La nature sauvage et le décor grandiose de cette île battue par les vents jouent un grand rôle dans l’histoire.

Ce roman nous parle aussi des abeilles, des recherches secrètes menées sur les colonies, des magouilles industrielles, des pesticides, de l’environnement.

Les Disparus du phare nous lance un cri d’alerte face à une situation gravissime pour la planète.

Ceux qui n’ont pas aimé la Trilogie écossaise, n’aimeront assurément pas Les disparus du phare, même ambiance, même lenteur.

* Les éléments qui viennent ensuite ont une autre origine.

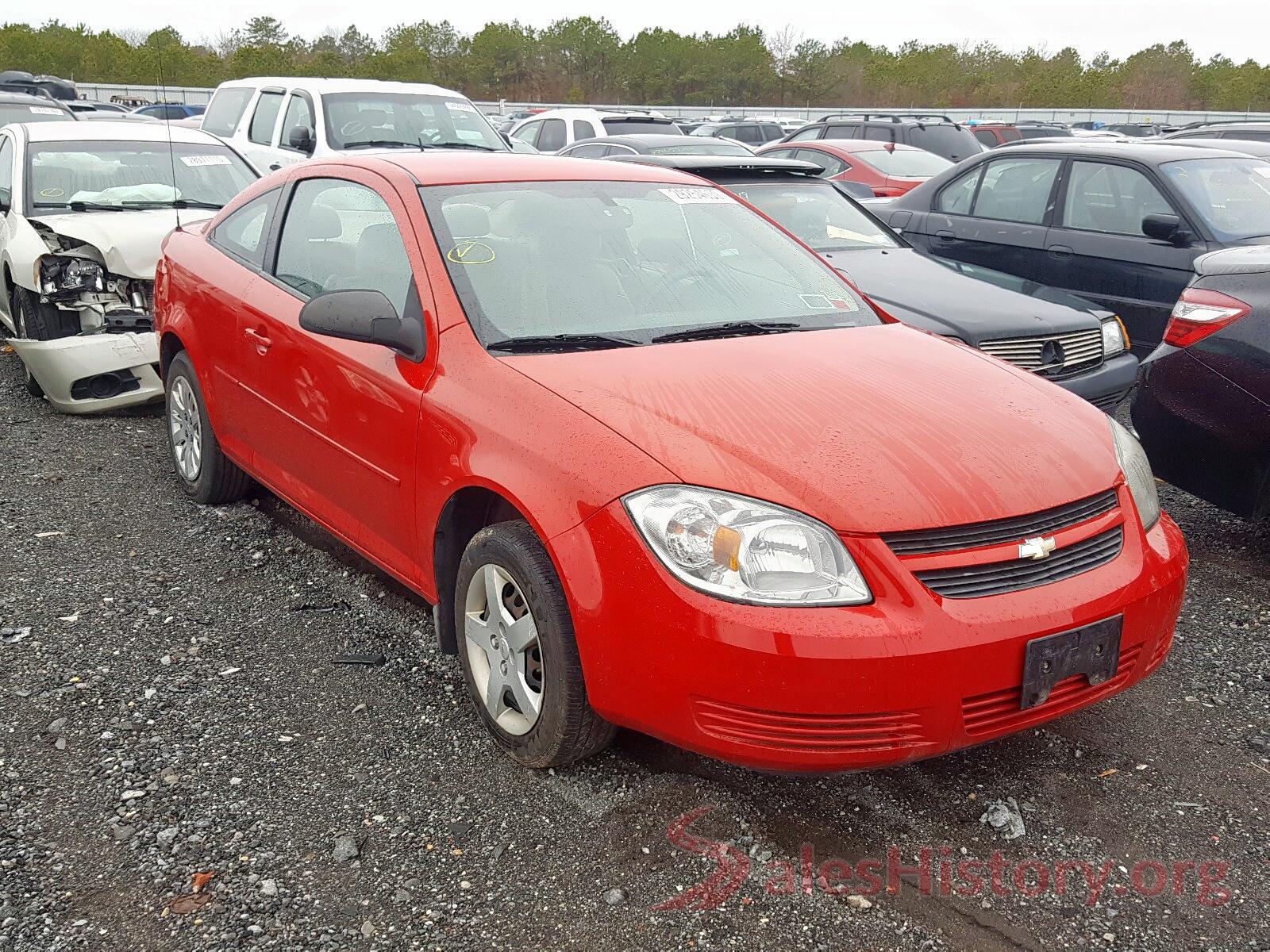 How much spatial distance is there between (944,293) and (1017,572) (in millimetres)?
3650

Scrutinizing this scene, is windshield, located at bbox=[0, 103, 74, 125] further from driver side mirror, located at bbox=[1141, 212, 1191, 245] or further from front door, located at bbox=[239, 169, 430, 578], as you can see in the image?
driver side mirror, located at bbox=[1141, 212, 1191, 245]

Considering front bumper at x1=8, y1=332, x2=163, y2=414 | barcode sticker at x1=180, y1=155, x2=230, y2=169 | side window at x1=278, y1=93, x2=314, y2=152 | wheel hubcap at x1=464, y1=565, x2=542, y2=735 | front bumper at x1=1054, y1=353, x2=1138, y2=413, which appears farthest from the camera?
side window at x1=278, y1=93, x2=314, y2=152

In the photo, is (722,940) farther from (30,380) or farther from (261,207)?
(30,380)

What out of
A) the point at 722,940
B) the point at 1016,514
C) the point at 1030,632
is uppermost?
the point at 1016,514

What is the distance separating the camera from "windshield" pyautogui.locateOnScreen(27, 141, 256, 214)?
22.6 ft

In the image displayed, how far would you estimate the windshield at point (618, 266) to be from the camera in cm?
336

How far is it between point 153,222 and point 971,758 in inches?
219

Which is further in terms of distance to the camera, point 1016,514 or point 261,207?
point 261,207

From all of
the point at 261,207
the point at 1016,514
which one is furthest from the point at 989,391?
the point at 261,207

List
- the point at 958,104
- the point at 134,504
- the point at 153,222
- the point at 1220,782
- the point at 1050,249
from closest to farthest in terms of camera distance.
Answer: the point at 1220,782
the point at 134,504
the point at 153,222
the point at 1050,249
the point at 958,104

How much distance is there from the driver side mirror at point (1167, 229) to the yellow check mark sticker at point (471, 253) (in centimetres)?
481

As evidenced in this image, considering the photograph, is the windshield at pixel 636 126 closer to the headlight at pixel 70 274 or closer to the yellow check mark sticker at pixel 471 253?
the headlight at pixel 70 274

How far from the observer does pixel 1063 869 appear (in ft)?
8.77

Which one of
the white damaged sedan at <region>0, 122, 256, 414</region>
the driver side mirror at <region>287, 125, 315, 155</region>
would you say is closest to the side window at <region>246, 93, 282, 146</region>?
the driver side mirror at <region>287, 125, 315, 155</region> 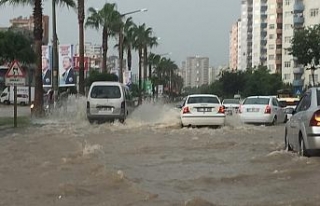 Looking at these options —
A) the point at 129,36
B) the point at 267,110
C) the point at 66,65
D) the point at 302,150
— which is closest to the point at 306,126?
the point at 302,150

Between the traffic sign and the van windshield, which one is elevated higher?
the traffic sign

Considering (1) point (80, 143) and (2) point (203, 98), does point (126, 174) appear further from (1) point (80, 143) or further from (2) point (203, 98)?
(2) point (203, 98)

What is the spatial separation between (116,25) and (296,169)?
53.5 metres

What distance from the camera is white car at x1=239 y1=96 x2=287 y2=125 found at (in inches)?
1224

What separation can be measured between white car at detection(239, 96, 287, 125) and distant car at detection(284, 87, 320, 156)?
14983 mm

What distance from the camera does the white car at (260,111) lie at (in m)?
31.1

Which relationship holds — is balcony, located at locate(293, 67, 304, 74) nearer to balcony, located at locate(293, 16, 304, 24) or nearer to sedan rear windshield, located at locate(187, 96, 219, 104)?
balcony, located at locate(293, 16, 304, 24)

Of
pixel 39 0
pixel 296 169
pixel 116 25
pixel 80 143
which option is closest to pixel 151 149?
pixel 80 143

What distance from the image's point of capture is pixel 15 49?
4881cm

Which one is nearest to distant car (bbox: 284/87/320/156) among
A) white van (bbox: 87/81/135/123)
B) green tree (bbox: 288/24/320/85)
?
white van (bbox: 87/81/135/123)

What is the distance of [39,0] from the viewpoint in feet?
118

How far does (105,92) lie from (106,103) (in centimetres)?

Pour ceux et celles qui trouvent la Trilogie Ecossaise trop lente ou ennuyeuse, lisez l’excellentissime Série Chinoise de Peter May.
6 tomes, 6 enquêtes mettant en scène une médecin légiste Margaret Campbell et un policier chinois Li Yan. Les enquêtes se déroulent dans la Chine d’aujourd’hui, elles sont très efficaces, bien ficelées et addictives, on ne s’y ennuie pas un instant.
Il faut impérativement les lire dans l’ordre pour suivre l’évolution des deux personnages.
La série chinoise est de loin ma préférée de l’auteur !

4ème Couv.

Un homme reprend connaissance sur une plage, là où l’ont rejeté les vagues, presque paralysé par le froid, en état de choc. Il ne sait pas où il se trouve. Il ne sait pas même qui il est. Seul subsiste dans sa conscience un sentiment d’horreur, insaisissable, obscur, terrifiant. Revenant à l’île de Lewis où il a situé sa trilogie écossaise, Peter May nous emporte dans la vertigineuse quête d’identité d’un homme sans nom et sans passé.